Nouveau ministre des Finances, Georges-André Chevallaz ne se fait aucune illusion sur les tâches qui l'attendent. Il affirme, dans l'heure qui suit son élection, sa volonté de réduire immédiatement les dépenses de l'État central.

Dérapage

De fait, en mars, le Conseil fédéral doit adopter un compte financier pour 1973 dans lequel le déficit s'élève à 779 millions contre 200 millions prévus au budget. Les progrès de l'assurance vieillesse et survivants ; la montée des salaires dans le secteur public ; le développement des universités et de la recherche scientifique ; la protection de l'agriculture (après de longs mois de vaines revendications, en avril 1974, les paysans obtiendront une hausse moyenne de 7,5 % du prix de leurs produits) ; et, de l'autre côté, la suppression progressive des droits de douane expliquent, parmi de très nombreux facteurs, ce dérapage.

Mais, déclare G.-A. Chevallaz, « on ne peut avoir les réalisations de la Suède avec le taux d'imposition portugais ». Formule qui annonce un plan de redressement financier passablement dur (« de la chicorée amère », dit son auteur lui-même) : il prévoit une augmentation sensible des impôts directs et indirects et (de manière plus imprécise il est vrai) l'étalement des dépenses à venir.

Pendant ce temps, le Conseil fédéral demande et redemande qu'on lui confère enfin les pouvoirs nécessaires pour maîtriser la conjoncture économique. En décembre, peuple et cantons prorogent quatre arrêtés antisurchauffe, dont l'un fonde la surveillance des prix, des salaires et des bénéfices. Une surveillance plus psychologique, d'ailleurs, que réelle. Et quand Monsieur Prix, en février, propose aux employeurs et aux syndicats de s'entendre pour limiter à 10 % la hausse des salaires en 1974, il essuie, côté syndicats, un net refus : ce 10 % représente, ni plus ni moins, le taux de dépréciation de la monnaie, de sorte que cols bleus et cols blancs renonceraient, en acceptant l'accord paritaire, à toute amélioration de leur niveau de vie.

Mais, surtout, le gouvernement, condamné à demander sans cesse au peuple de ratifier des mesures exceptionnelles, voudrait voir ses compétences élargies et définies dans la Constitution. En mars, le Conseil national vote un projet très restrictif.
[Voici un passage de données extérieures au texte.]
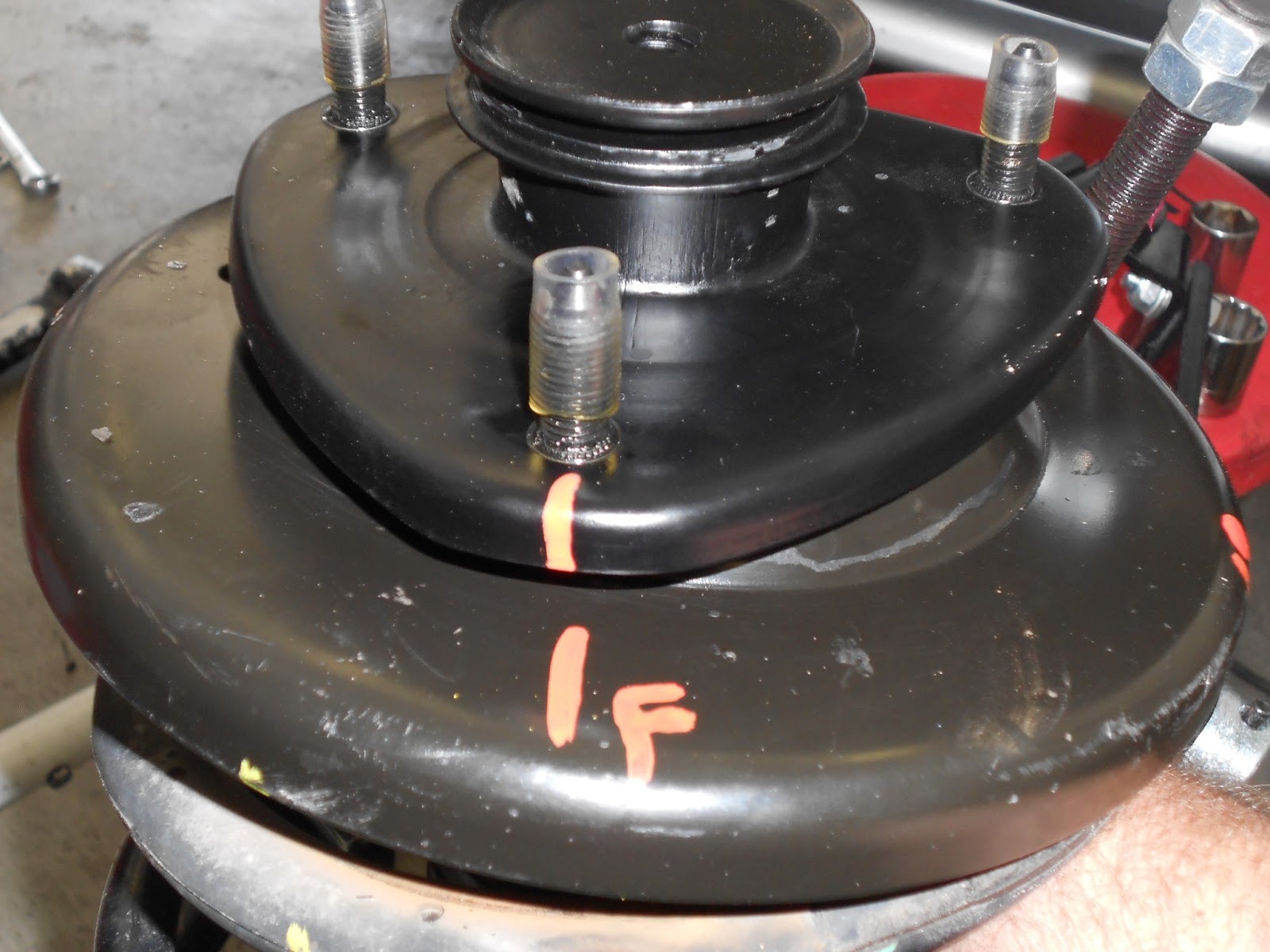 The Bug Boys: Honda Odyssey Strut Change in record time!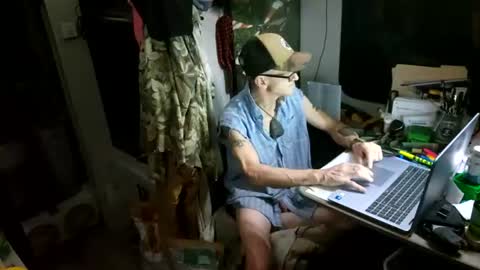 Steve... aka SkinnieDippin aka TimberTramp online show from June 16, 4:26 am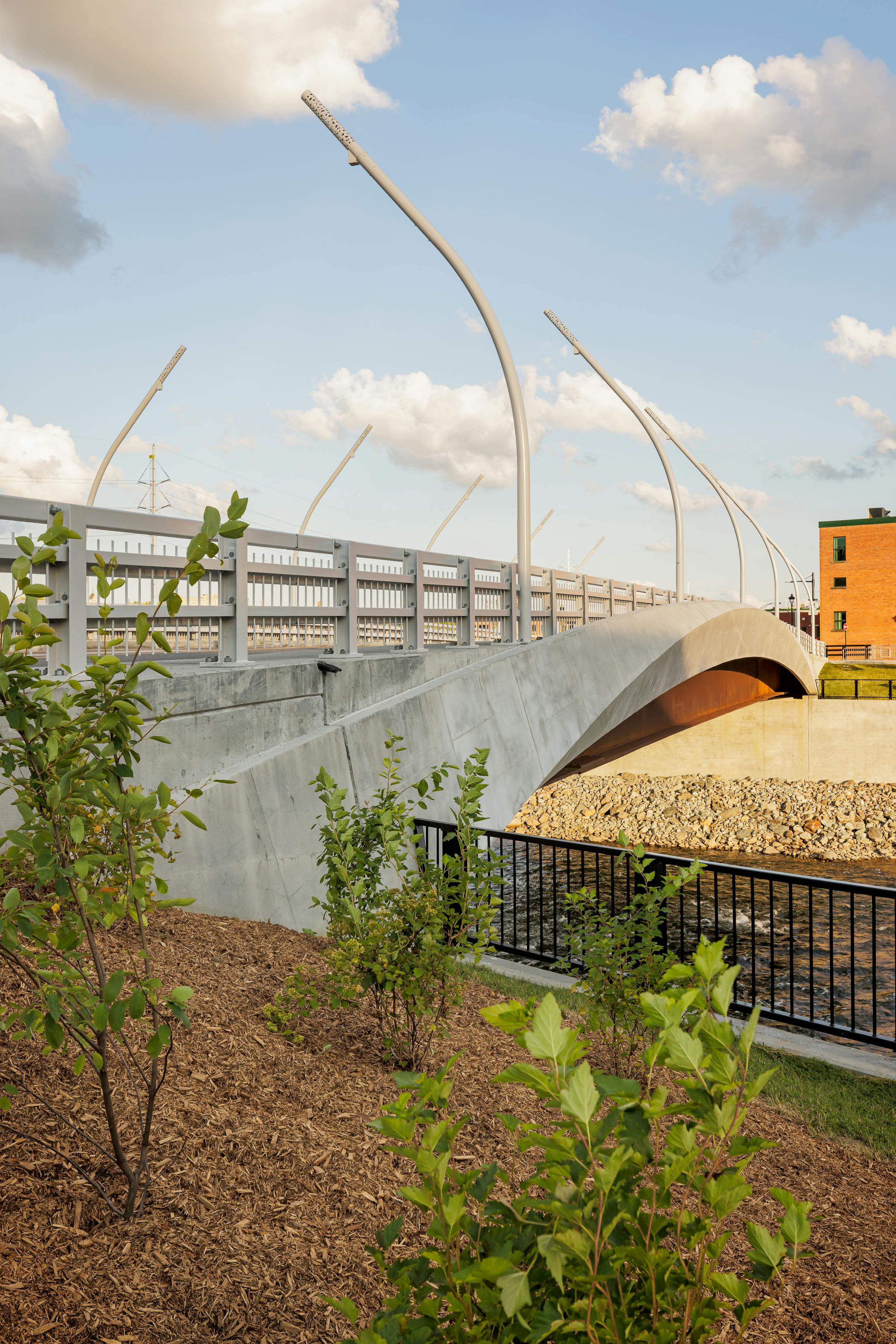 Vue du pont intégrée au tissu urbain et au cadre naturel.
Le Conseil des États avait été plus large. La bataille, au niveau du Parlement puis au niveau du peuple souverain, ne fait que commencer.

Xénophobes

Dans cette atmosphère un peu houleuse, des roulements d'orage (auxquels les oreilles suisses, il faut bien le dire, finissent par s'habituer) se répercutent et se prolongent sans fin prévisible : les groupements dits « xénophobes » multiplient les projets constitutionnels en vue de restreindre la proportion des étrangers.

Le plus connu de leurs chefs, le conseiller national James Schwarzenbach, dépose, le 18 mars 1974, une nouvelle initiative, plus modérée que celle de 1970 (Journal de l'année 1969-70), et qui demande, pour l'essentiel, de ramener en l'espace de dix ans le nombre des étrangers bénéficiant d'un permis d'établissement ou de séjour à 12,5 % de la population.